- DIRECTIONS
Only the text belongs in the copy. Transcribe the data exactly and drop any pictures.

[[ THE INPUT open ]]

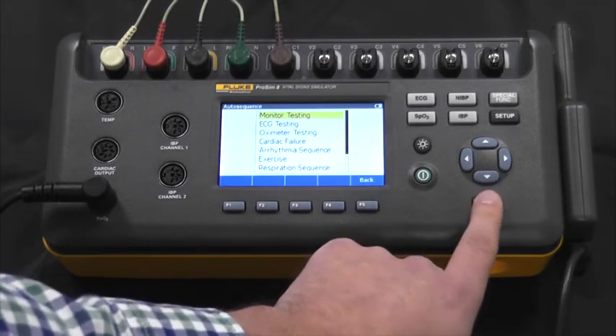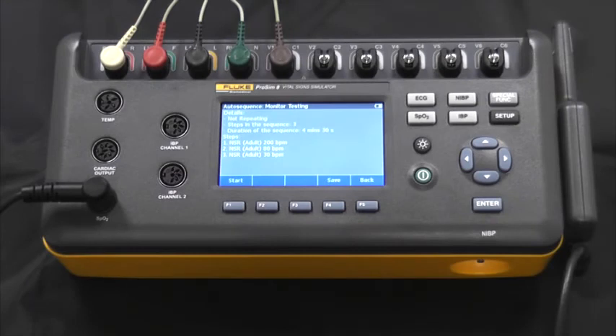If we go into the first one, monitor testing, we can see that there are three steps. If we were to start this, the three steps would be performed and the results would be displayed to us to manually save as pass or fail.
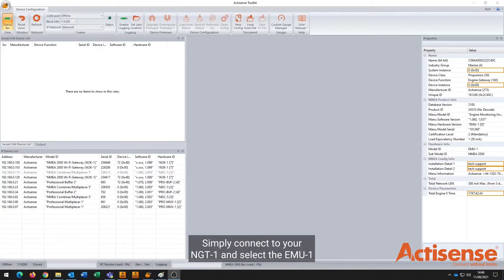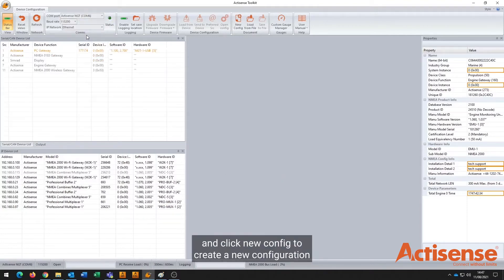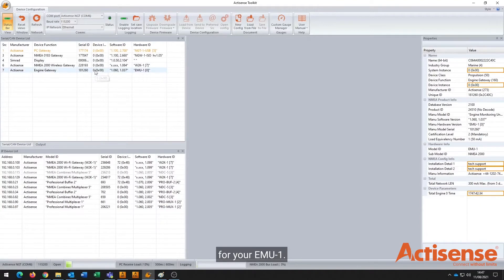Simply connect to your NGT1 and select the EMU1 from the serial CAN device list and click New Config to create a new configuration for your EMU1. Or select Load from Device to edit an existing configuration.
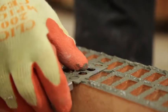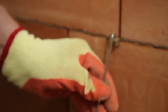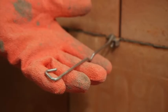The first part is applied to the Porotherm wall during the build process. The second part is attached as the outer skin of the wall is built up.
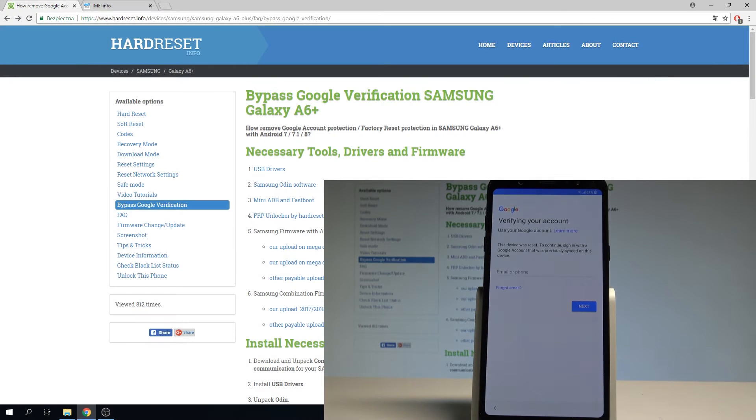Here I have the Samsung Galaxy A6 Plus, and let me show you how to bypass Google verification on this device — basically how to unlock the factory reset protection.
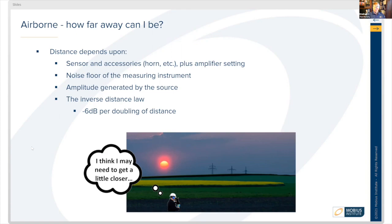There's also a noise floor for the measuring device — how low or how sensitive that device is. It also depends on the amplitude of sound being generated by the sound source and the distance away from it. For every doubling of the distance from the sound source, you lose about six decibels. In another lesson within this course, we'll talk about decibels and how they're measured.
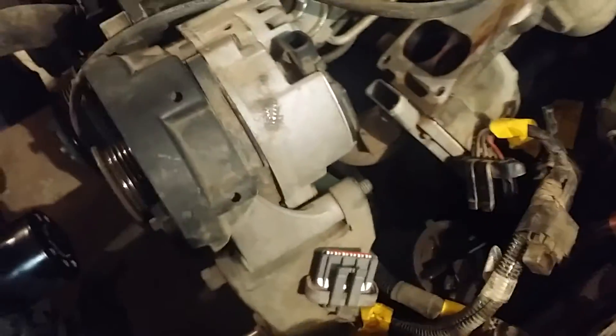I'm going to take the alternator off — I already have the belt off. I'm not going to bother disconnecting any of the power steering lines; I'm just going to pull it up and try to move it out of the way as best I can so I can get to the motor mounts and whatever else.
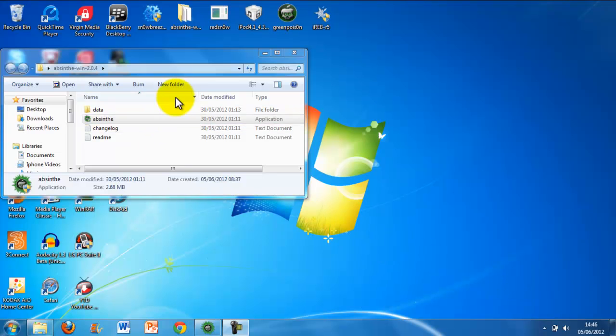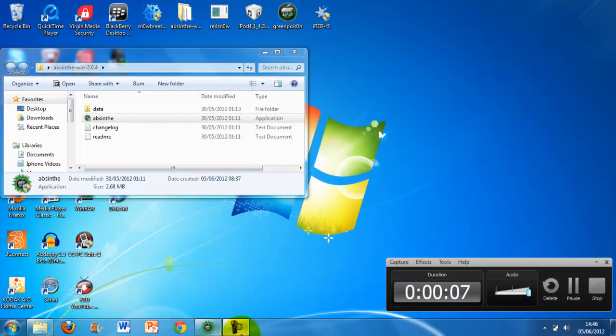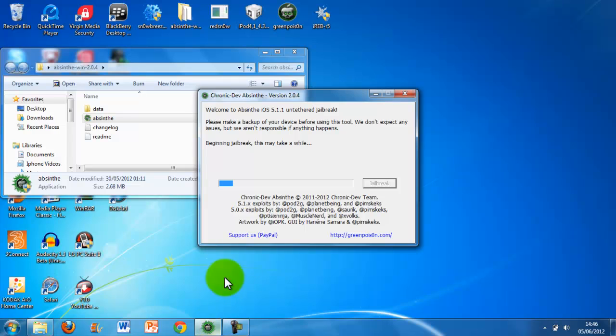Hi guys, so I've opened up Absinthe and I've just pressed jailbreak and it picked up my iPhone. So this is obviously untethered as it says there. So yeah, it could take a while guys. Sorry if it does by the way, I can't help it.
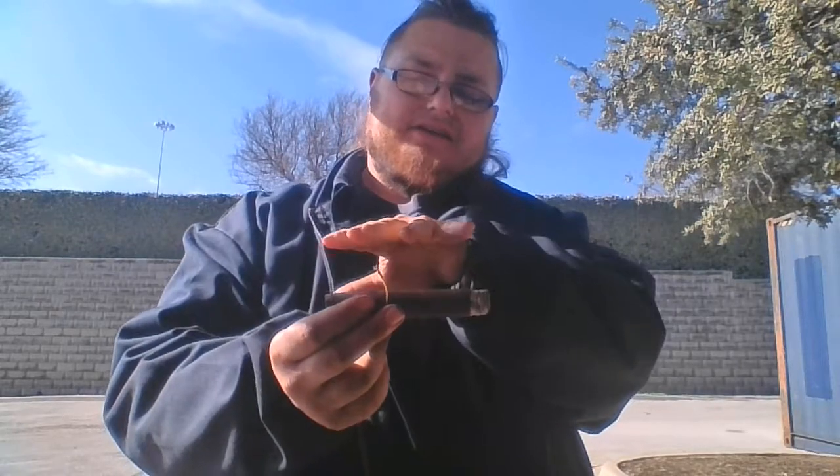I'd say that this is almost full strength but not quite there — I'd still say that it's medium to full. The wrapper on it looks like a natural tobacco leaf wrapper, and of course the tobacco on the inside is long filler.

[[ THE INPUT closed ]]

- EXERCISE OUTPUT
If we go into the first one, monitor testing, we can see that there are three steps. If we were to start this, the three steps would be performed and the results would be displayed to us to manually save as pass or fail.
Simply connect to your NGT1 and select the EMU1 from the serial CAN device list and click New Config to create a new configuration for your EMU1. Or select Load from Device to edit an existing configuration.
The first part is applied to the Porotherm wall during the build process. The second part is attached as the outer skin of the wall is built up.
Here I have the Samsung Galaxy A6 Plus, and let me show you how to bypass Google verification on this device — basically how to unlock the factory reset protection.
There's also a noise floor for the measuring device — how low or how sensitive that device is. It also depends on the amplitude of sound being generated by the sound source and the distance away from it. For every doubling of the distance from the sound source, you lose about six decibels. In another lesson within this course, we'll talk about decibels and how they're measured.
I'm going to take the alternator off — I already have the belt off. I'm not going to bother disconnecting any of the power steering lines; I'm just going to pull it up and try to move it out of the way as best I can so I can get to the motor mounts and whatever else.
Hi guys, so I've opened up Absinthe and I've just pressed jailbreak and it picked up my iPhone. So this is obviously untethered as it says there. So yeah, it could take a while guys. Sorry if it does by the way, I can't help it.
I'd say that this is almost full strength but not quite there — I'd still say that it's medium to full. The wrapper on it looks like a natural tobacco leaf wrapper, and of course the tobacco on the inside is long filler.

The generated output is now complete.